Karahancı, devletin kadınlara dönük cinsel işkence yöntemini bir kez daha teşhir ettiklerini vurgulayarak tüm kadınları saldırılara karşı duyarlı olma çağrısına bulundu.

‘ADALET BAKANLIĞI SESSİZ KALIRSA SUÇA ORTAK OLACAKTIR’
Açıklamadan sonra söz alan HDP Milletvekili Meral Danış Beştaş, iktidarın kadına yönelik şiddeti meşrulaştırdığını söyledi ve kadınların Bakırköy Hapishanesi’nde yaşanan işkenceye asla sessiz kalmayacağını vurguladı.

Ankara’ya seslenen Beştaş, işkence talimatını kim verdiyse haklarında soruşturma başlatılması gerektiğini belirterek, “Hakim ve savcı suç işlemiştir. Adalet Bakanlığı sessiz kalırsa bu suça ortak olacaktır. Biz kadınlar işkenceye ve şiddete karşı isyanımızı büyüteceğiz” dedi.

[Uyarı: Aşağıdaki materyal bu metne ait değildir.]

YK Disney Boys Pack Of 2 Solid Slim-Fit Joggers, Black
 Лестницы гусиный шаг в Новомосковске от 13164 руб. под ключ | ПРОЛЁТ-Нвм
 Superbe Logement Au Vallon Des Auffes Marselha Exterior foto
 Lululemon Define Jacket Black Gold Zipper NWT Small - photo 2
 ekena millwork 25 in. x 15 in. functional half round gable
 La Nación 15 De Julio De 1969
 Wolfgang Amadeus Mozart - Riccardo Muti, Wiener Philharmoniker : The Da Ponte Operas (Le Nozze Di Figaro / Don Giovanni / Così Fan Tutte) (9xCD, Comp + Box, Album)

‘YAŞAM HAKKI HER ZAMAN DEVLET ELİYLE TEHDİT ALTINDA’
HDK Eşsözcüsü Gülistan Kılıç Koçyiğit ise, “Yine bir Bakırköy klasiği ile karşı karşıyayız” diyerek açlık grevi zamanında yaşanan antidemokratik uygulamaların hala devam ettiğinin altını çizdi.

Türkiye’de yaşam hakkının her zaman devlet eliyle tehdit altında olduğuna dikkat çeken Koçyiğit, “AKP, hukuku ortadan kaldırarak kendini yasalarla sınırlandırılmış bir devlet olmaktan çıkarmaya çalışıyor” diye kaydetti.

İşkence suçlarında zamanaşımı olmadığını anımsatan Koçyiğit, konuşmasına şöyle devam etti: “Cezaevinde insanları koğuşta darp edip, DNA örneği alıyorsanız bu bir işkencedir. Kadın mahpuslar yalnız değildir ve buna sebep olanlar yargılanacaktır. Durumun meclis, ulusal ve uluslararası ayaklarında takipçisi olacağız.”

Eylem, “Politik tutsaklar onurumuzdur”, “Bakırköy’de işkenceye son” sloganlarının atılmasının ardından sona erdi.